The values produced by the noise source are typically bits, but this is not necessary. For example, a PUF such as a coating PUF or a delay PUF may produce floating point values, which in turn may be mapped to more than 2 discrete values.

The random number generation device may comprise a matrix storage configured to store a matrix arranged for entropy concentration, the matrix having a different number of columns than rows. The matrix may be the same matrix used on multiple devices, or the matrix may be specific to a device. The matrix is not necessarily secret, though in an embodiment, the matrix can be kept secret, e.g., by storing it in encrypted form, or in a secure memory, to make reverse engineering difficult.

The random number generation device may be configured to concentrate entropy in the noise source response sequence by computing a matrix multiplication modulo a modulus between the matrix and a vector comprising the values in the noise source response sequence. In this way a concentrated sequence of random values is obtained, the concentrated sequence comprising fewer values than the sequence of noise source response values. Note that a matrix multiplication can be implemented in a number of ways.

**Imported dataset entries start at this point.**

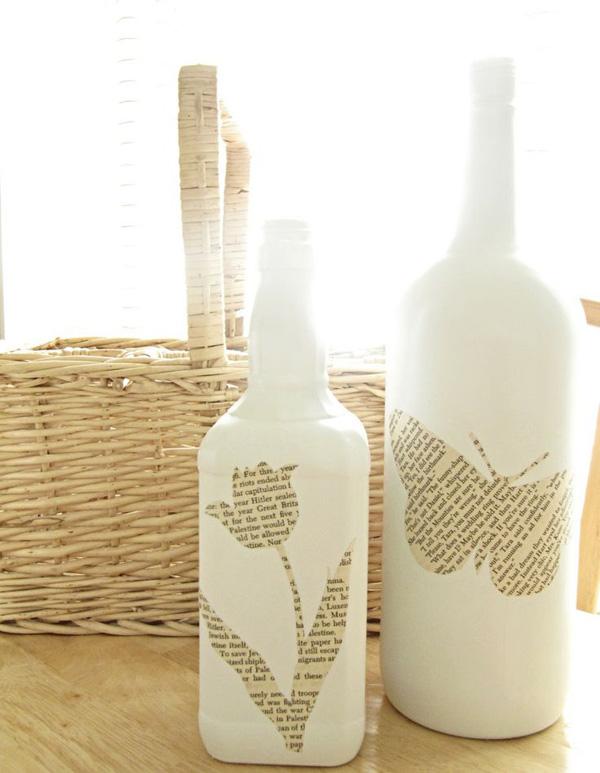 35 DIY Wine Bottles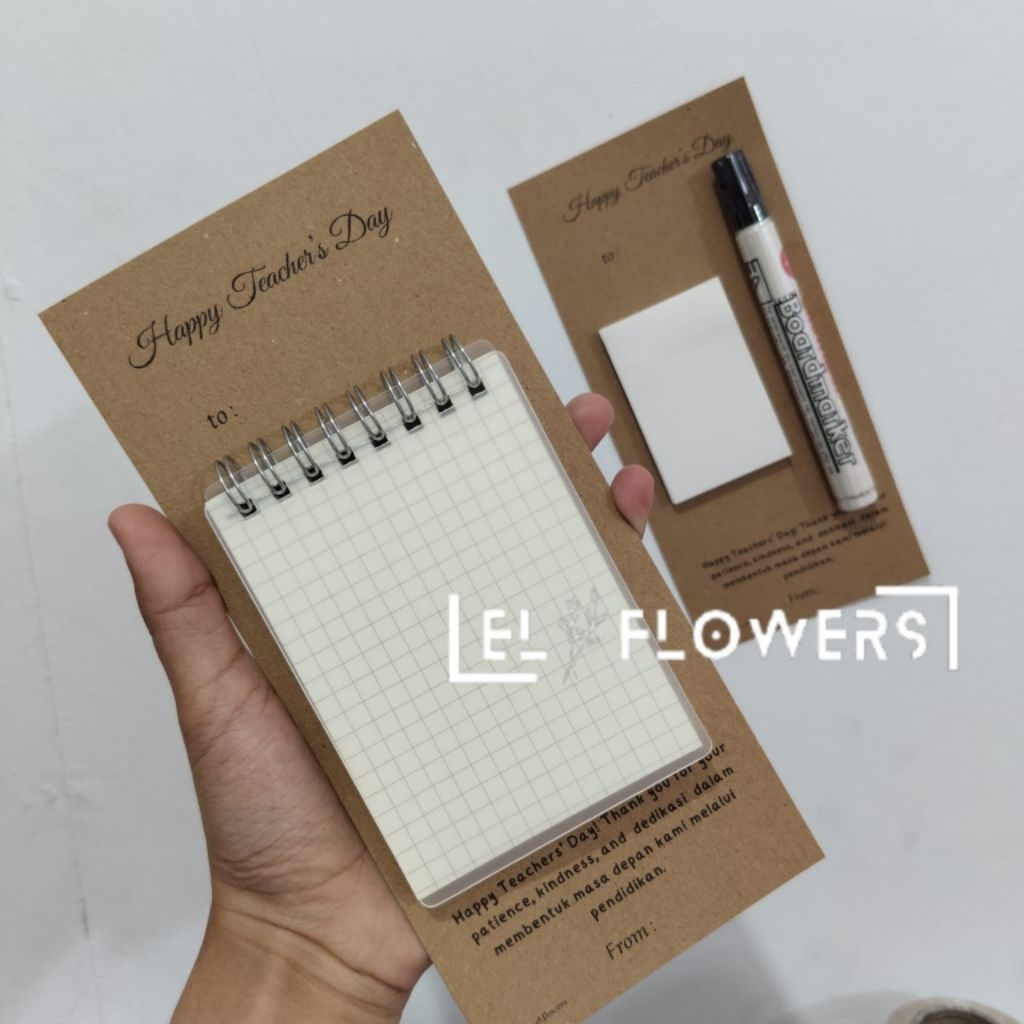 HADIAH HARI GURU MEMOPAD, HADIAH HARI GURU MURAH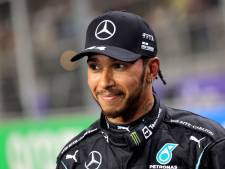 Lewis Hamilton: “Je n'ai jamais dit que j'allais m'arrêter”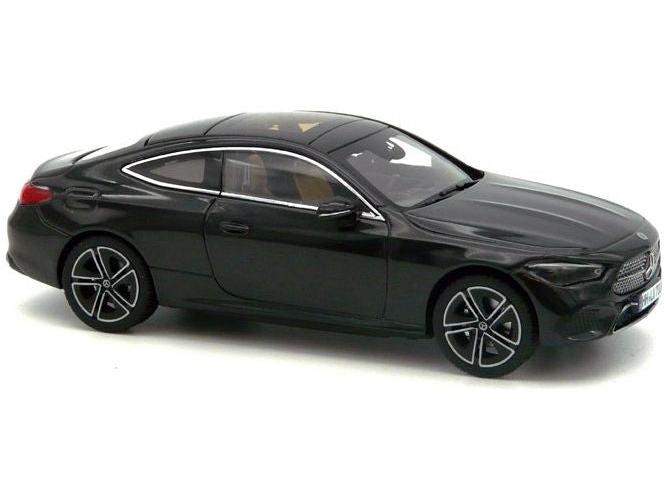 Mercedes-Benz CLE Coupe Graphite Grey 2024 1:43 Scale Norev Diecast Model Car-Norev-Diecast Model Centre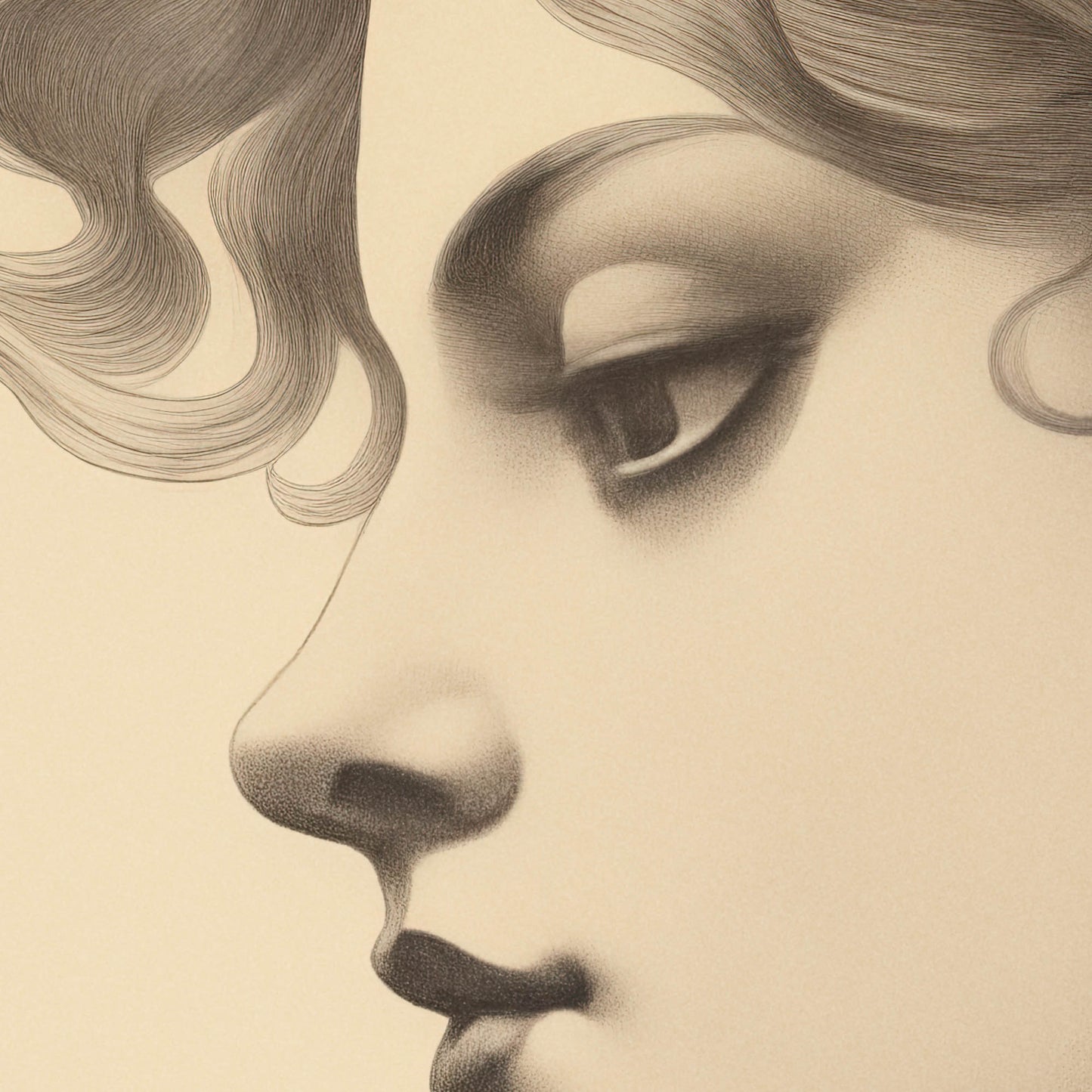 »Late Victorian Beauty 1878«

One or more pre-processing operations may be applied to the noise source response sequence, e.g., to the source bits. Corresponding pre-processing operations may or may not be applied to the matrix. For example, some bits of the source may be omitted before starting the matrix operation. Rows and/or columns that correspond to an omitted input bit may be omitted also (depending on whether column or row vectors are used). For example, bits that are known to have low entropy on a particular device, may be omitted from entropy concentration. Especially, if many bits can be excluded in this manner the concentration operation can be sped up. For example, on a PUF type where low-entropy bits tend to cluster, it may be advantageous to apply a permutation to the input bits before applying the matrix concentration. The permutation may be random or pseudorandom, while the matrix operation may be fixed, e.g., correspond to a particular error correcting code. For example, the permutation may be selected randomly for each device while the matrix operation may be fixed. Various ways exist to encode a permutation, e.g., the permutation may be stored in Lehmer code.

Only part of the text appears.